Wang Hui, Han Zhiwei, Liu Wenqiang, Wu Yanbo
IEEE Trans Neural Netw Learn Syst. 2024 May;35(5):5915-5928. doi: 10.1109/TNNLS.2022.3219814. Epub 2024 May 2.
In high-speed railways, the pantograph-catenary system (PCS) is a critical subsystem of the train power supply system. In particular, when the double-PCS (DPCS) is in operation, the passing of the leading pantograph (LP) causes the contact force of the trailing pantograph (TP) to fluctuate violently, affecting the power collection quality of the electric multiple units (EMUs). The actively controlled pantograph is the most promising technique for reducing the pantograph-catenary contact force (PCCF) fluctuation and improving the current collection quality. Based on the Nash equilibrium framework, this study proposes a multiagent reinforcement learning (MARL) algorithm for active pantograph control called cooperative proximity policy optimization (Coo-PPO). In the algorithm implementation, the heterogeneous agents play a unique role in a cooperative environment guided by the global value function. Then, a novel reward propagation channel is proposed to reveal implicit associations between agents. Furthermore, a curriculum learning approach is adopted to strike a balance between reward maximization and rational movement patterns. An existing MARL algorithm and a traditional control strategy are compared in the same scenario to validate the proposed control strategy's performance. The experimental results show that the Coo-PPO algorithm obtains more rewards, significantly suppresses the fluctuation in PCCF (up to 41.55%), and dramatically decreases the TP's offline rate (up to 10.77%). This study adopts MARL technology for the first time to address the coordinated control of double pantographs in DPCS.
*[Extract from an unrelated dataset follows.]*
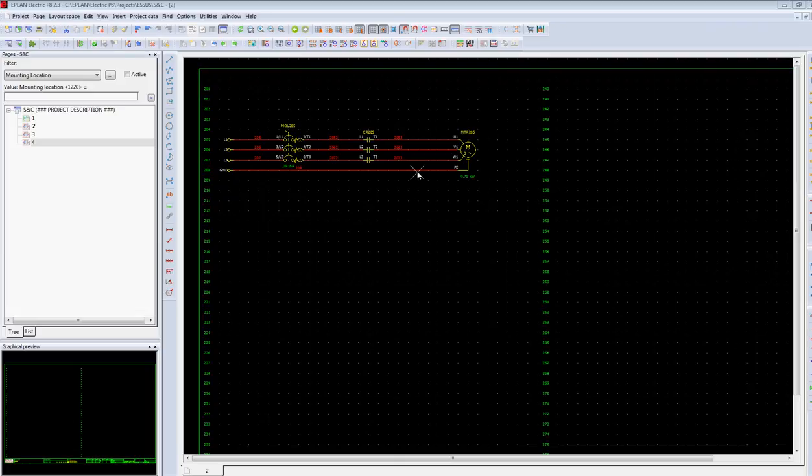When creating schematics, ePlan generates auto-connecting lines. These are considered connections between two components.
在高速铁路中,受电弓-接触网系统(PCS)是列车供电系统的关键子系统。特别是,当双受电弓-接触网系统(DPCS)运行时,前导受电弓(LP)的通过会导致后随受电弓(TP)的接触力剧烈波动,影响动车组(EMU)的集电质量。主动控制受电弓是降低受电弓-接触网接触力(PCCF)波动并提高集流质量最具前景的技术。基于纳什均衡框架,本研究提出了一种用于主动受电弓控制的多智能体强化学习(MARL)算法,称为协作近端策略优化(Coo-PPO)。在算法实现中,异构智能体在由全局价值函数引导的协作环境中发挥独特作用。然后,提出了一种新颖的奖励传播通道,以揭示智能体之间的隐含关联。此外,采用课程学习方法在奖励最大化和合理运动模式之间取得平衡。在相同场景下将现有的MARL算法和传统控制策略进行比较,以验证所提出控制策略的性能。实验结果表明,Coo-PPO算法获得了更多奖励,显著抑制了PCCF的波动(高达41.55%),并大幅降低了TP的离线率(高达10.77%)。本研究首次采用MARL技术来解决DPCS中双受电弓的协调控制问题。